Midorime s'était de nouveau rendue dans l'entrepôt, sur le port. Assise sur une caisse en bois, elle avait bien attendu au moins dix minutes sans voir un signe de vie. Détail intéressant, elle n'avait croisé aucun homme de main à l'entrée. Alors que, d'habitude, il y en avait toujours deux, au minimum, pour assurer la sécurité de l'exécutif roux. Mais pas cette fois-ci.
La patience n'était pas une des qualités de la jeune femme, aussi, elle avait vite fini par s'énerver. Proférant des insultes à voix haute, elle n'avait pas hésité à donner un violent coup de pied dans une caisse. Heureusement qu'il n'y avait personne pour la prendre sur le fait.
Pourquoi Chuuya ne venait pas ? Ça, elle l'ignorait.
Il ne pouvait, en toute logique, pas lui poser de lapin, puisque la blonde était payée pour obtenir ces informations, et que la Mafia savait qu'elle risquait de perdre ses services. Peut-être y avait-il un problème au cœur de l'organisation. Que tous les capitaines avaient été convoqués d'urgence. Mais Mori n'était pas bête à ce point. Il aurait annulé la transaction ou envoyé Chuuya quand même. Jamais il ne prendrait le risque de faire croire à une informatrice que la Mafia avait des problèmes. Après tout, Midorime ne vendait pas que des faits, mais aussi des rumeurs. Et malgré son importance réduite, le prix de celle-ci valait beaucoup plus qu'un nom ou une adresse.

Malgré tout, si la sans-abri s'imaginait déjà tout ce qu'elle pourrait se payer avec l'argent d'une telle rumeur, elle ne chercha pas à en savoir la cause. Elle était bien trop concentrée sur la douleur qui persistait au fond de son cœur.

- Chiisai ose me foutre un lapin ? Il va voir ce que je lui réserve, la prochaine fois !

Elle se mettait à parler toute seule, essayant d'atténuer la vague d'angoisse qui la submergeait.
D'accord, elle était bien contente de recevoir sa paie et de pouvoir s'acheter quelque chose de frais pour son repas de ce soir. Mais plus elle y pensait, plus l'idée que Chuuya puisse avoir des problèmes la rendait mal à l'aise. Elle craignait qu'il lui soit arrivé quelque chose.
Mais en même temps...

L'idée de le voir juste en face d'elle la faisait paniquer plus qu'autre chose.
La dernière fois qu'ils s'étaient vus, elle l'avait quitté en mauvais termes. Et vu ce qu'il s'était passé, aussi bien dans la soirée que le lendemain matin, elle appréhendait sa réaction.
S'ils avaient effectivement couché ensemble...
Alors Midorime ne donnait pas cher de sa peau. Surtout vis-à-vis de la façon dont elle l'avait laissé.

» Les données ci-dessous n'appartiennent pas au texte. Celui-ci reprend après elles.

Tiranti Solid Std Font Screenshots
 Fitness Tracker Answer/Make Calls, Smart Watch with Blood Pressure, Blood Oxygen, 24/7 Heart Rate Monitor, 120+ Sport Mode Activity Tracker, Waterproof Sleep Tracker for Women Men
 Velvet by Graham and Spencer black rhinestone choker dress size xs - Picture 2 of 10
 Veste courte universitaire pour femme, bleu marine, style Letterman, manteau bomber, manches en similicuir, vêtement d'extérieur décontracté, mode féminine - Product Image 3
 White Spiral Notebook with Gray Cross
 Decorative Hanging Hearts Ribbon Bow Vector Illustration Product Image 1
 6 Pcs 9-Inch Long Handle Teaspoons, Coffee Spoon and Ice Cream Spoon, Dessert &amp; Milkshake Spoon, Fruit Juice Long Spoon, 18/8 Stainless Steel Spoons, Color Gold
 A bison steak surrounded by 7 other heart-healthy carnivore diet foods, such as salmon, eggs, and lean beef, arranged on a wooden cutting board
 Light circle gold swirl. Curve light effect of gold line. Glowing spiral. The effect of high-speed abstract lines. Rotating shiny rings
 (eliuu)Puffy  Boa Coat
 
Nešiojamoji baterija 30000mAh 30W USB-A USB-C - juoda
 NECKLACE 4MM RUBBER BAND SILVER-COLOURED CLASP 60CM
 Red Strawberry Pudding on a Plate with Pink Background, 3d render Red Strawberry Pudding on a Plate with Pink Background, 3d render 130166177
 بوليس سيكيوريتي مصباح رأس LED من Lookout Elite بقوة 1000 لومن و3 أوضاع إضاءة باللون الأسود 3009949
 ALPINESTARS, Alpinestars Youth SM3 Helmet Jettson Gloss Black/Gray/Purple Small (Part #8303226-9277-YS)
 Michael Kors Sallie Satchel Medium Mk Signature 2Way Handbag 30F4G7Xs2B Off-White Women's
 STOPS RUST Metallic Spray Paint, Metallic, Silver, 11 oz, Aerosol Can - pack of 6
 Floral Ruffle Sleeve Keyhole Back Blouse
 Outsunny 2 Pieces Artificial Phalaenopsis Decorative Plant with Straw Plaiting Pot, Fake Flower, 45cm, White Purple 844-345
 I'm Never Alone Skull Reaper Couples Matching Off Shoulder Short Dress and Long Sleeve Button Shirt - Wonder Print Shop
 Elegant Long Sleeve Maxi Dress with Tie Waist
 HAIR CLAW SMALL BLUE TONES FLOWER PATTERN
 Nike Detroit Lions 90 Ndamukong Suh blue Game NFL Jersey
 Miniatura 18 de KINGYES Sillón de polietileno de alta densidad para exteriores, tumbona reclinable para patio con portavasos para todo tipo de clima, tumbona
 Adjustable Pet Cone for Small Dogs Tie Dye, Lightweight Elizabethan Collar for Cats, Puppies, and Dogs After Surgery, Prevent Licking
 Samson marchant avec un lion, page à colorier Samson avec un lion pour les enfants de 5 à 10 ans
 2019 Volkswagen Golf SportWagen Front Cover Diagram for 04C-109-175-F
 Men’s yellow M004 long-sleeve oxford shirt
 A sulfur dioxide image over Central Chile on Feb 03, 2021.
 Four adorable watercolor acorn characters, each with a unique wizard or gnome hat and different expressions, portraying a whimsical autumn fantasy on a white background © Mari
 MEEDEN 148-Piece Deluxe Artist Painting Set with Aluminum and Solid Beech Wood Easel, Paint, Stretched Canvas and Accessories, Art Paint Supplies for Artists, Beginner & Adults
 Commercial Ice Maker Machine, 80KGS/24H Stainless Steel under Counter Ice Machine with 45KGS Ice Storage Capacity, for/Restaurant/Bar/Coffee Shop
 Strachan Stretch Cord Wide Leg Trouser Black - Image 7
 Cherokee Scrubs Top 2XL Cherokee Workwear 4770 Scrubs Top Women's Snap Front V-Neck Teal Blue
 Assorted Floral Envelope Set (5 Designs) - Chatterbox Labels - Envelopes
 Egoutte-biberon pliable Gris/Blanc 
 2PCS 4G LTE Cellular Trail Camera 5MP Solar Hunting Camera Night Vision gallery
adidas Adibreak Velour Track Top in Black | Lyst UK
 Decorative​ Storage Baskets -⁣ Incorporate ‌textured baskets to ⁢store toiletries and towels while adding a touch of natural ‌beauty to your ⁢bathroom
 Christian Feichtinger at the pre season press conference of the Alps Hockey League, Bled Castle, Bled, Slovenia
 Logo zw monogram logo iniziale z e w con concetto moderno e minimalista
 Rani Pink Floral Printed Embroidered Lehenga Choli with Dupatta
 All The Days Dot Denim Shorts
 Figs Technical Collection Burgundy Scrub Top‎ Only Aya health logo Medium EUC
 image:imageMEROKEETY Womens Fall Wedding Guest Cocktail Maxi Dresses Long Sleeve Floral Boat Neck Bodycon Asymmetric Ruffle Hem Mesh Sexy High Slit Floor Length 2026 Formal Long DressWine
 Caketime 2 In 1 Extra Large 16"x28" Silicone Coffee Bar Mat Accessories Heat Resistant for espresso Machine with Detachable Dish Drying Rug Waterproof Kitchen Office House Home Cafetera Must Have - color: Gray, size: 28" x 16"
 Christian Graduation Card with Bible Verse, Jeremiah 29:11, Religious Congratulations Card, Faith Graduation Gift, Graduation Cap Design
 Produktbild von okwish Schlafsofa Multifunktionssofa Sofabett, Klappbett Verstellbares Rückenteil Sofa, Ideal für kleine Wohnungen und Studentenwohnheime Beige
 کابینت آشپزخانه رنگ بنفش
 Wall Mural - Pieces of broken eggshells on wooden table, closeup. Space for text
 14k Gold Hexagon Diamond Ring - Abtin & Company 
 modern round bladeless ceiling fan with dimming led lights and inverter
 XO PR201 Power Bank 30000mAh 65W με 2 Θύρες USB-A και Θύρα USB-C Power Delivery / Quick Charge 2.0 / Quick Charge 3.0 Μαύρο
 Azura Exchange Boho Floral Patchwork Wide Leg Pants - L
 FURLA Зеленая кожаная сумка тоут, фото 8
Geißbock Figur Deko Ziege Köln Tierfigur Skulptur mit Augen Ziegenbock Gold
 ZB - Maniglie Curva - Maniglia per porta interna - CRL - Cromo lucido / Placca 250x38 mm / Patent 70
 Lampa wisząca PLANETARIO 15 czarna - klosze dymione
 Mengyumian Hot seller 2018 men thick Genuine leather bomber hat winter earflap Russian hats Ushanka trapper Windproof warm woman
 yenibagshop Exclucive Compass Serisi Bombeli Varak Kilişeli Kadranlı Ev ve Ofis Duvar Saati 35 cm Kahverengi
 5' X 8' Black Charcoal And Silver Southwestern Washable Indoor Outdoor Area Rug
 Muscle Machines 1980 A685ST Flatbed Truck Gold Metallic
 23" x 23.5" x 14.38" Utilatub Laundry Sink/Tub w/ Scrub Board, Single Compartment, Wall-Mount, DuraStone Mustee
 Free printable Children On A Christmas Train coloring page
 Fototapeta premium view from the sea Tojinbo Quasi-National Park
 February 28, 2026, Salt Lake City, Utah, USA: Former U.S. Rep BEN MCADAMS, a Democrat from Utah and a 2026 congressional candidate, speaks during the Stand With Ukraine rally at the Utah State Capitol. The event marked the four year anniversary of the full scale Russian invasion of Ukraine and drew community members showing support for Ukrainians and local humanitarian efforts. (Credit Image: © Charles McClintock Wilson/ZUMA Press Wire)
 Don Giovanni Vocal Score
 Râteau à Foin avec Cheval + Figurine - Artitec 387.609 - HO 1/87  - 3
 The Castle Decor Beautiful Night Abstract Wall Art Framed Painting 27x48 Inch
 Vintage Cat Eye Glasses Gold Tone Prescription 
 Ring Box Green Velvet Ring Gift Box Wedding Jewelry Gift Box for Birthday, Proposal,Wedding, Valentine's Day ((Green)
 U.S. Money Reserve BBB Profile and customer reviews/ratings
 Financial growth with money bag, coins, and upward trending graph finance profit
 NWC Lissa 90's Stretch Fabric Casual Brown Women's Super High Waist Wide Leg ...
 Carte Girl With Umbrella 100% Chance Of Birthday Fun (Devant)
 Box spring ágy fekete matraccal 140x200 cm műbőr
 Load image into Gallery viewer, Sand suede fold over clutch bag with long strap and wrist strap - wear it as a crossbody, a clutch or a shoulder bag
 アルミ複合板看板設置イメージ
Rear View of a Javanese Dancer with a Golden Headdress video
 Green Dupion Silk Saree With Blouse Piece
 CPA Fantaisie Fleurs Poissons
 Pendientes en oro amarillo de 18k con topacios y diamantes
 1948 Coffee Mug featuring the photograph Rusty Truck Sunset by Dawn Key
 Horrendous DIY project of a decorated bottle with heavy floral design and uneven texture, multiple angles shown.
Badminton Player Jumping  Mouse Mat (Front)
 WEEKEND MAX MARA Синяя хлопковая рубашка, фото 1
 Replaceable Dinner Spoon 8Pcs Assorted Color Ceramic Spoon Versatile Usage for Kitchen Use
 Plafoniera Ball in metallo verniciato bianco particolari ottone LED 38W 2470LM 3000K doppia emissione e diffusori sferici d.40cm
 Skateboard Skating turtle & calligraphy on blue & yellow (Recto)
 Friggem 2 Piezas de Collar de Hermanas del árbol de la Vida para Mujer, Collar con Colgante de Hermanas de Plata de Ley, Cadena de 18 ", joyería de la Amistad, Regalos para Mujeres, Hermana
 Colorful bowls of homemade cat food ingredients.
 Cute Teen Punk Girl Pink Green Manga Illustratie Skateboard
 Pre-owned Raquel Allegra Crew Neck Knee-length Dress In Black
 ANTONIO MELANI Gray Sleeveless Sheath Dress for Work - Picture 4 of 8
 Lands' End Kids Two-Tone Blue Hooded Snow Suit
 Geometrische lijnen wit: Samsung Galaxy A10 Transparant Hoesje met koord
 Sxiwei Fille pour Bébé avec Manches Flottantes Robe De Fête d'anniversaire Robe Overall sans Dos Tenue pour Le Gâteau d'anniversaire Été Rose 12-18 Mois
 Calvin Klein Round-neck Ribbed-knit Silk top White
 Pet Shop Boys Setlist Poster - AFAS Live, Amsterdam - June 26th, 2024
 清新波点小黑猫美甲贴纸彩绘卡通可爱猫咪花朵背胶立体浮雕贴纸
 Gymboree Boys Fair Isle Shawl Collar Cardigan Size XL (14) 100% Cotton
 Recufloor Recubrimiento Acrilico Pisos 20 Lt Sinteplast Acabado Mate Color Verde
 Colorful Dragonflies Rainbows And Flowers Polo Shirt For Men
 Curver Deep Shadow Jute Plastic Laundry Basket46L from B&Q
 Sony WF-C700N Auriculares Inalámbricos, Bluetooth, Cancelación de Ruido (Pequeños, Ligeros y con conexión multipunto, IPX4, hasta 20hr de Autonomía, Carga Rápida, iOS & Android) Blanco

Il devait certainement avoir envie de la tuer.

Et ça, la jeune femme ne supportait pas cette idée.
Juste le fait qu'il la déteste... malgré ce qu'ils avaient fait ensemble... lui faisait l'effet d'un coup de poignard en plein cœur.
Et c'était bien la première fois qu'elle ressentait ça pour quelqu'un.
Elle en avait vu, des hommes, dans sa vie. Elle en avait partagé, des lits. Mais à chaque fois, c'était purement et simplement pour subvenir à ses besoins. Pour obtenir une belle somme par là ou gagner quelques informations en échange d'une petite partie de plaisir. Ce genre de travail ne la dégoûtait plus. La vie ne lui avait pas fait de cadeau, et tous les moyens étaient bons pour survivre.
Mais alors pourquoi ? Pourquoi avait-elle honte, tout d'un coup ? C'était bien le dernier sentiment qu'elle s'attendait à ressentir, après tout ce qu'elle avait vécu. Elle n'avait plus d'honneur, elle était déjà salie.
Alors pourquoi ses joues terreuses la brûlaient, pourquoi son cœur battait à tout rompre, et pourquoi avait-elle cette boule au fond de la gorge, qui l'empêchait de crier ?
Elle voulait s'enterrer six pieds sous terre et éviter tous les regards de dégoûts qu'on lui lançait.
Éviter celui que Chuuya lui lancerait lorsqu'il apprendrait tout ce qu'elle faisait.
Parce qu'elle prêtait de l'importance à l'opinion du mafieux.

- Depuis quand...

Son marmonnement se perdit dans l'entrepôt.

S'il y avait une chose qu'elle avait apprise, c'était de ne jamais se soucier du regard des autres. Leur avis n'avait pas d'importance. C'était le seul moyen pour ne pas subir la honte. Pour continuer de vivre de cette façon sans vomir une fois seule.
Elle s'était habituée. Plus aucune pique ne l'affectait. Plus aucun rire moqueur ne l'atteignait. Plus aucune rumeur ne comptait à ses yeux.
Mais l'avis de Chuuya, si.
Mais Pourquoi ?

- Depuis quand je lui accorde de l'importance... ? Chuchota-t-elle.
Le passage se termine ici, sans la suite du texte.